------ The data ------

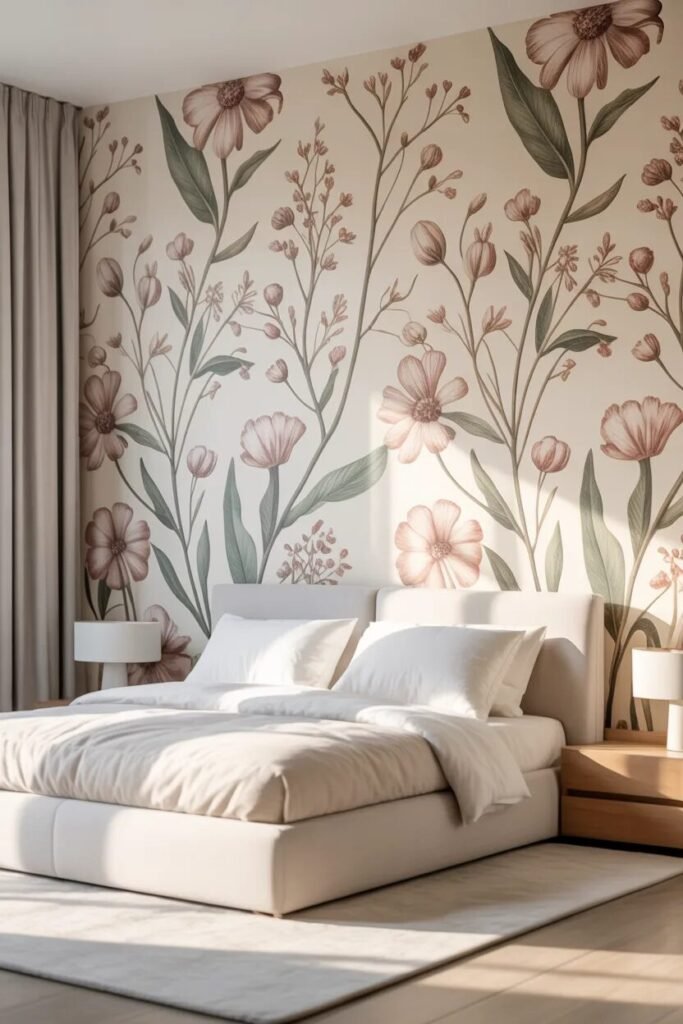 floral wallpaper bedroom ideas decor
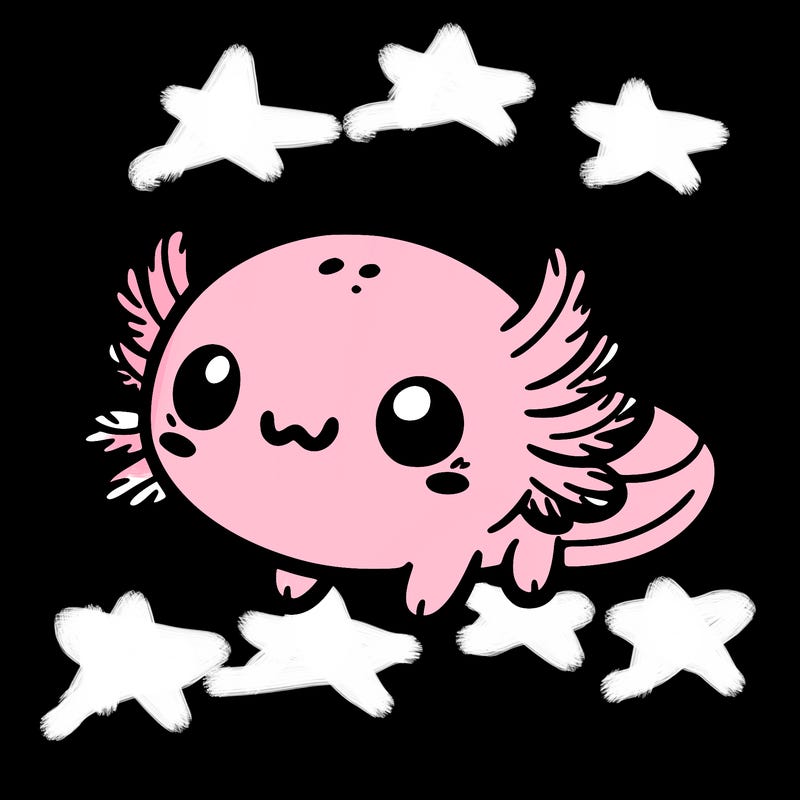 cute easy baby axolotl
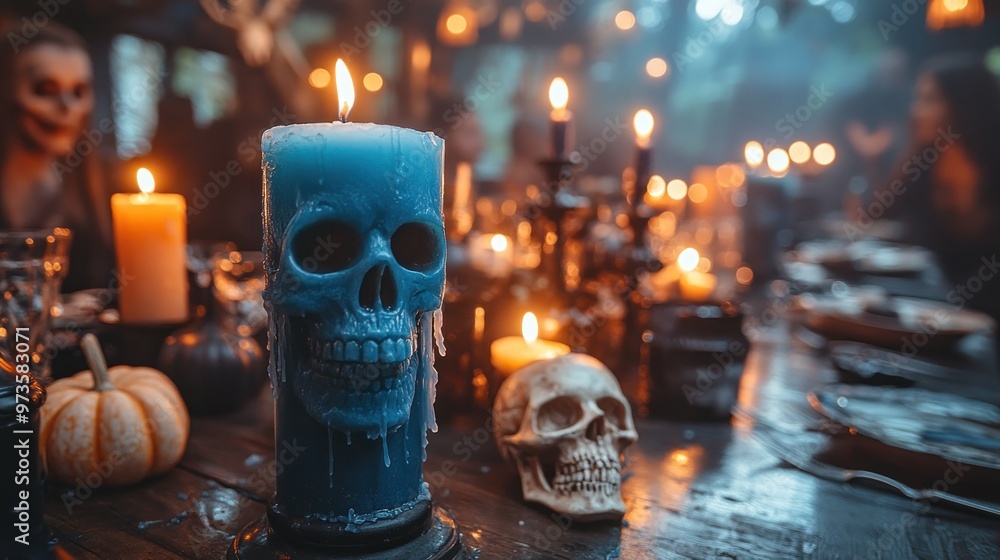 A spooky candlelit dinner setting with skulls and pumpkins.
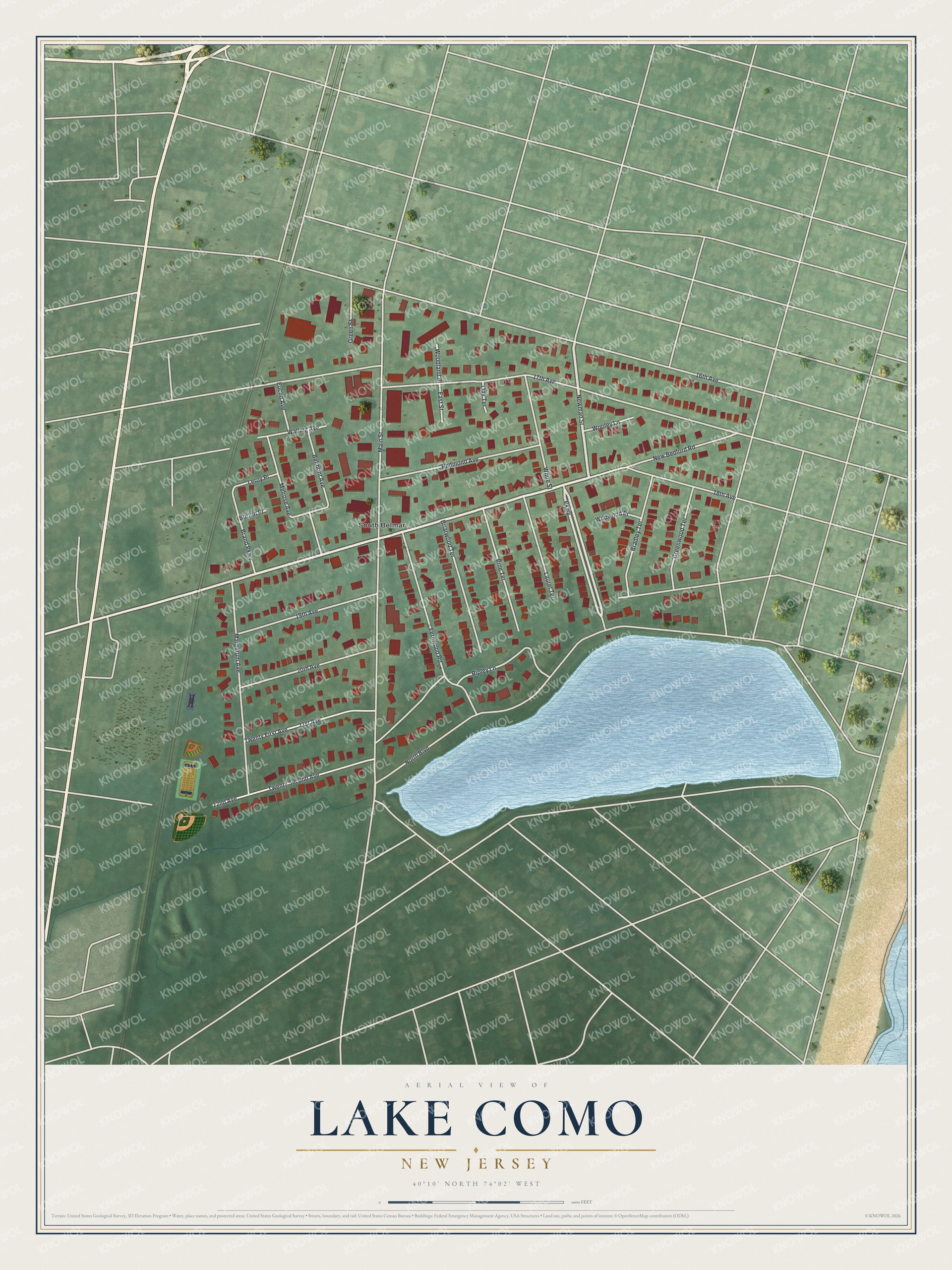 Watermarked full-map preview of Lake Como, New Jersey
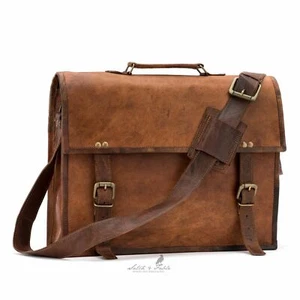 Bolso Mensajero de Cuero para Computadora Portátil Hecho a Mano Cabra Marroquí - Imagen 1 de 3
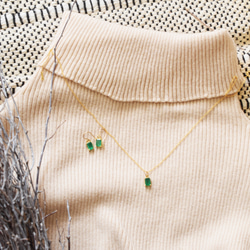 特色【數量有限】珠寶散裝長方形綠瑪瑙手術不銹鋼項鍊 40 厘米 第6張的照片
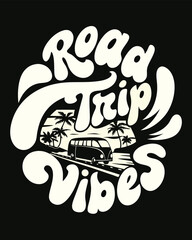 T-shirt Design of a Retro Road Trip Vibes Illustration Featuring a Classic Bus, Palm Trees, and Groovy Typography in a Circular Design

------

§ **What to work on**:
Give back the whole listing exactly as it stands. No pictures belong in the copy.

§ **Task output**:
 floral wallpaper bedroom ideas decor
 cute easy baby axolotl
 A spooky candlelit dinner setting with skulls and pumpkins.
 Watermarked full-map preview of Lake Como, New Jersey
 Bolso Mensajero de Cuero para Computadora Portátil Hecho a Mano Cabra Marroquí - Imagen 1 de 3
 特色【數量有限】珠寶散裝長方形綠瑪瑙手術不銹鋼項鍊 40 厘米 第6張的照片
 T-shirt Design of a Retro Road Trip Vibes Illustration Featuring a Classic Bus, Palm Trees, and Groovy Typography in a Circular Design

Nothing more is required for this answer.